Maha Prajnaparamita Sastra

by Gelongma Karma Migme Chödrön | 2001 | 941,039 words

This page describes “the threefold voice of the buddhas and the bodhisattvas” as written by Nagarjuna in his Maha-prajnaparamita-sastra (lit. “the treatise on the great virtue of wisdom”) in the 2nd century. This book, written in five volumes, represents an encyclopedia on Buddhism as well as a commentary on the Pancavimsatisahasrika Prajnaparamita.

II. The threefold voice of the buddhas and the Bodhisattvas

Note: Section partially translated in Hōbōgirin, p. 216 under Button.
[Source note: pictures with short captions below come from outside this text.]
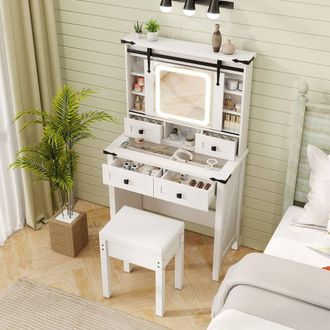 Costway Costway Makeup Vanity Desk Set Wooden Dressing Table & Stool w/Mirror & Lights in White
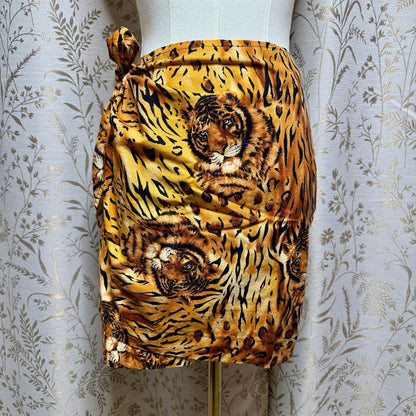 Handmade Tiger Print Wrap Mini Skirt OS Summer Beach Indie Y2K Safari Festival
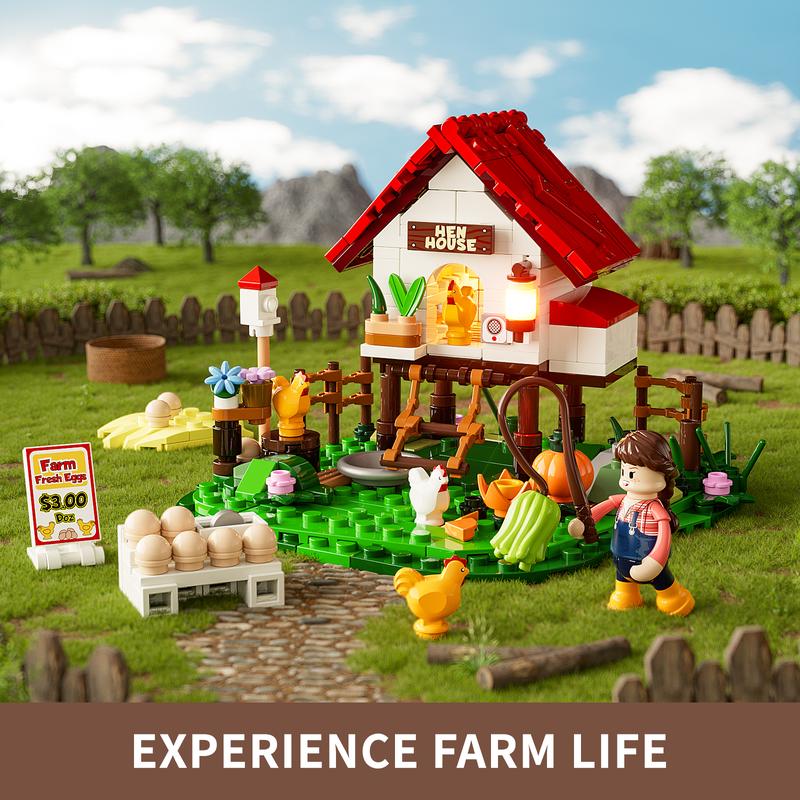 Funwhole The Hen House Lighting Building-Bricks Set -  Farm Life  Series Collectible Display Toys Gift Set 323 Pcs for Boys and Girls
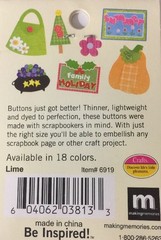 LIME GREEN CIRCLE ULTRA-THIN BUTTONS(24pc)Making Memories •Mini•Small•Holiday•🎄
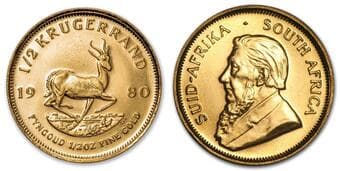 Krugerrand 1980 1/2oz Gold Uncirculated coin. Estimate: 3000 - AND UP CAD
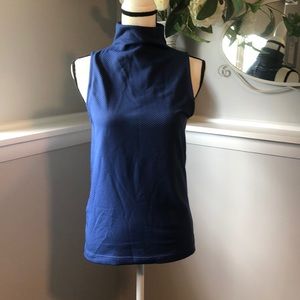Athleta mock turtleneck blue tank Fall 2018 Sz M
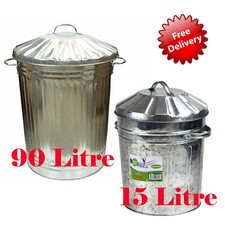 Galvanised Metal Bin Home Garden Rubbish 15-90L Waste Dustbin Animal Storage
The voice of the Buddhas and bodhisattvas is of three kinds: 1) Having planted the causes and conditions in their previous lives for good vocalization, they have the four subtle and marvelous (prāsādika) great elements in their throat (kaṇṭha),[1] and they produce all kinds of marvelous sounds (śabda), distant or close, for a distance of one, two, three, ten, a hundred, a thousand li which go out to fill up the trisāhasramahāsāhasralokadhātu.[2]

2) By the power of their superknowledges (abhijñābala), the four great elements (mahābhūta) of their throat produce sounds that fill not only the trisāhasramahāsāhasralokadhātu but also the universes of the ten directions as numerous as the sands of the Ganges.

3) The voice of the Buddhas is always able to fill all of space (ākāśa), covering all of the ten directions.

Footnotes and references:


These are the subtle material (rūpaprāsāda) or derived material (upādāyarūpa or bhautika) elements constituting the five indriyas (cf. Kośa, I, p. 15, n. 1).


This voice, or more precisely, this vocal apparatus, is usually acquired by means of the play of causes and conditions; the other two voices, particularly the third, are very difficult to obtain.